## Task instructions
Nothing after the line with "famousaria OnlyFans Leaked" belongs in the copy; extract the lines below from the top through that line, pictures left out.
<<<<
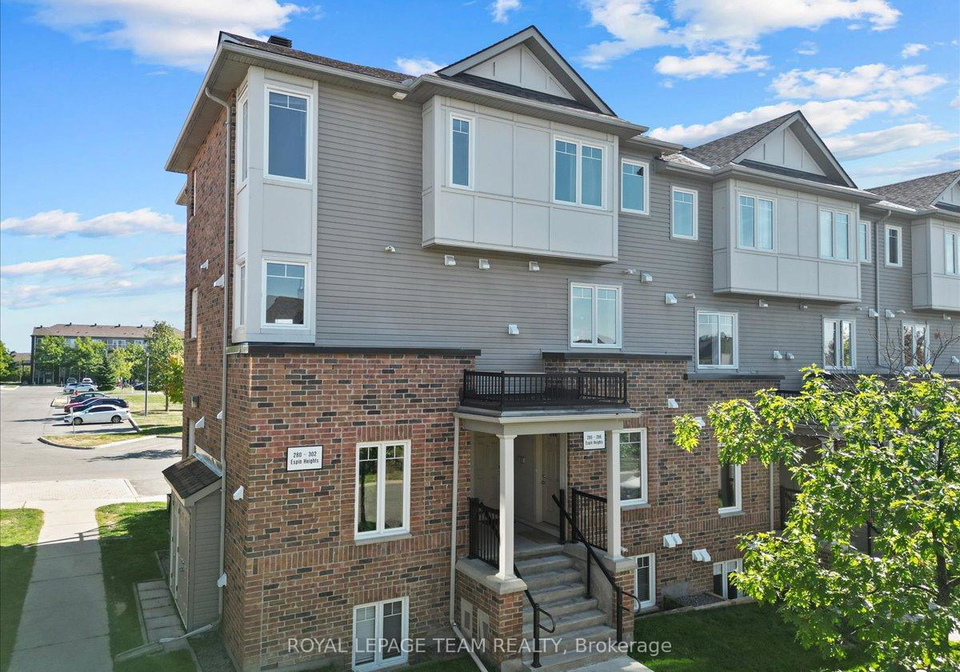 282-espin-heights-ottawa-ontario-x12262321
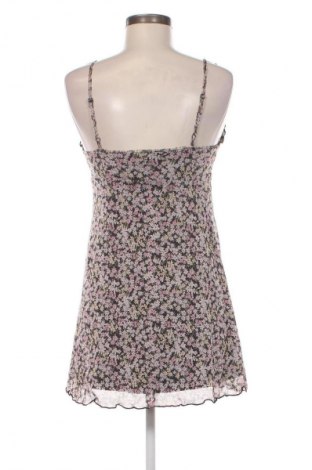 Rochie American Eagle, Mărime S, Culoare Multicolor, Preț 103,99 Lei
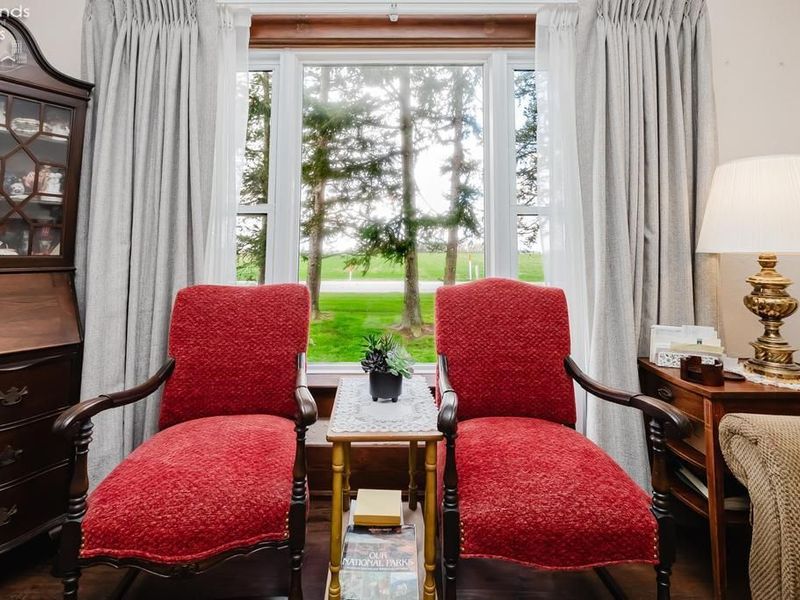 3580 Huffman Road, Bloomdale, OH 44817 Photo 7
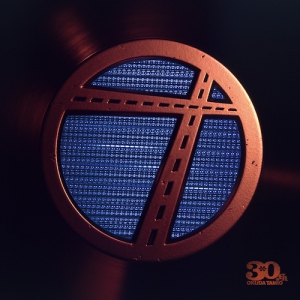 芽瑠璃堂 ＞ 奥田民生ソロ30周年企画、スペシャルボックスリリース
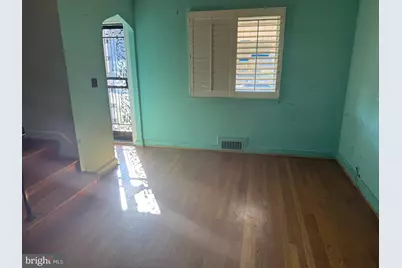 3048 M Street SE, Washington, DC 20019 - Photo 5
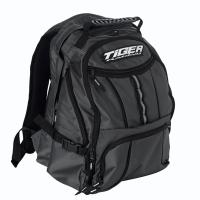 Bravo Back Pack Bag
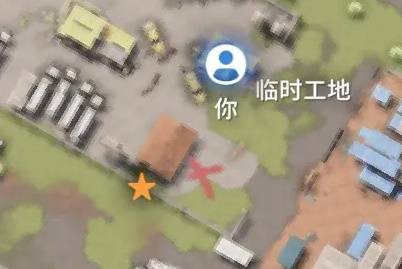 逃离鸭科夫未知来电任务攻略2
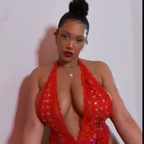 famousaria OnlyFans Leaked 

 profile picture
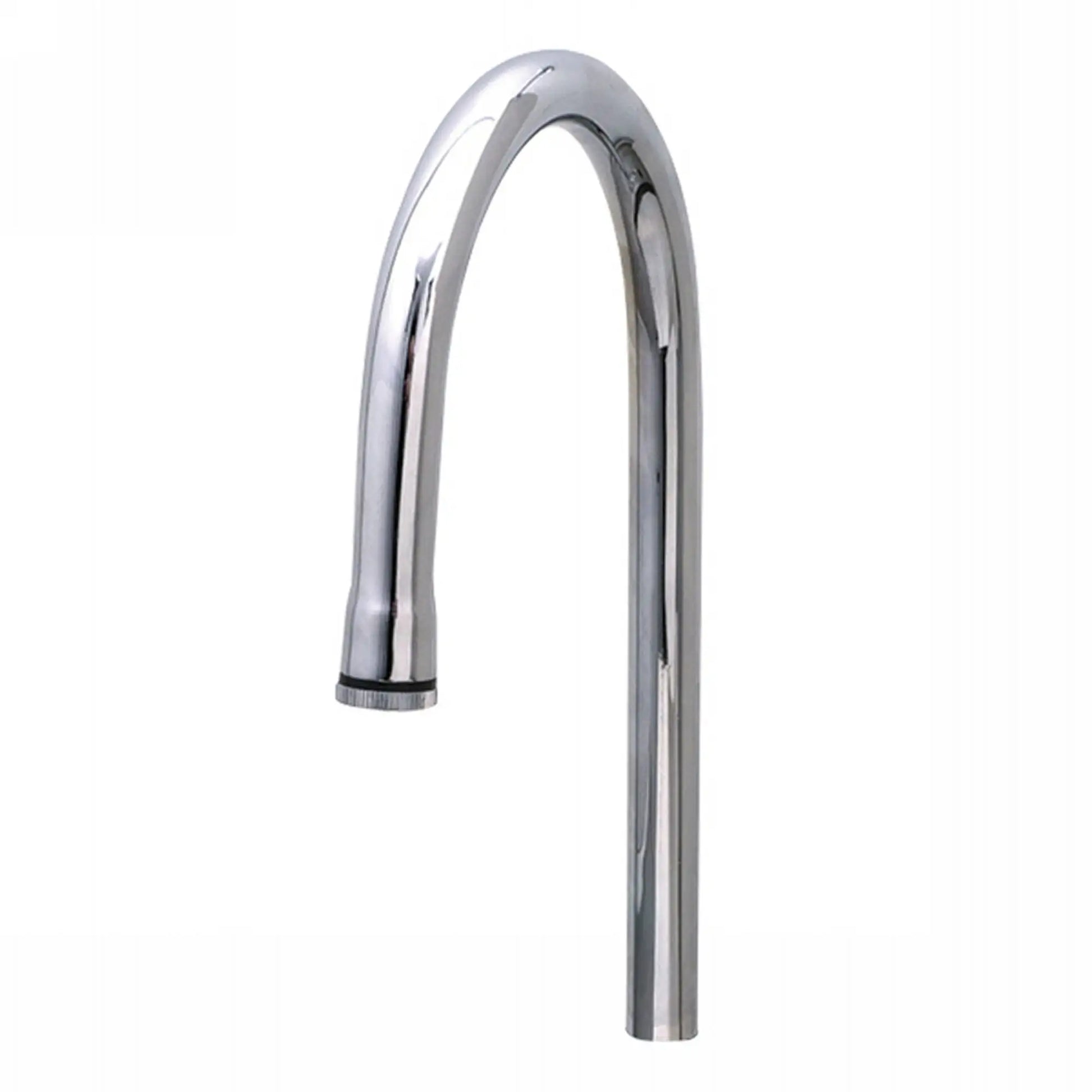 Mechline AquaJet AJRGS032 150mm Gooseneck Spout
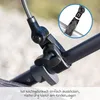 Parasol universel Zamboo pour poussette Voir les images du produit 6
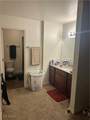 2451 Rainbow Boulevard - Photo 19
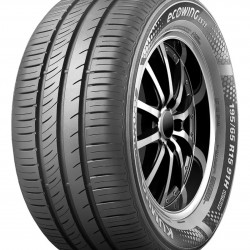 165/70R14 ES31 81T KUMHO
>>>>
## Answer area
 282-espin-heights-ottawa-ontario-x12262321
 Rochie American Eagle, Mărime S, Culoare Multicolor, Preț 103,99 Lei
 3580 Huffman Road, Bloomdale, OH 44817 Photo 7
 芽瑠璃堂 ＞ 奥田民生ソロ30周年企画、スペシャルボックスリリース
 3048 M Street SE, Washington, DC 20019 - Photo 5
 Bravo Back Pack Bag
 逃离鸭科夫未知来电任务攻略2
 famousaria OnlyFans Leaked 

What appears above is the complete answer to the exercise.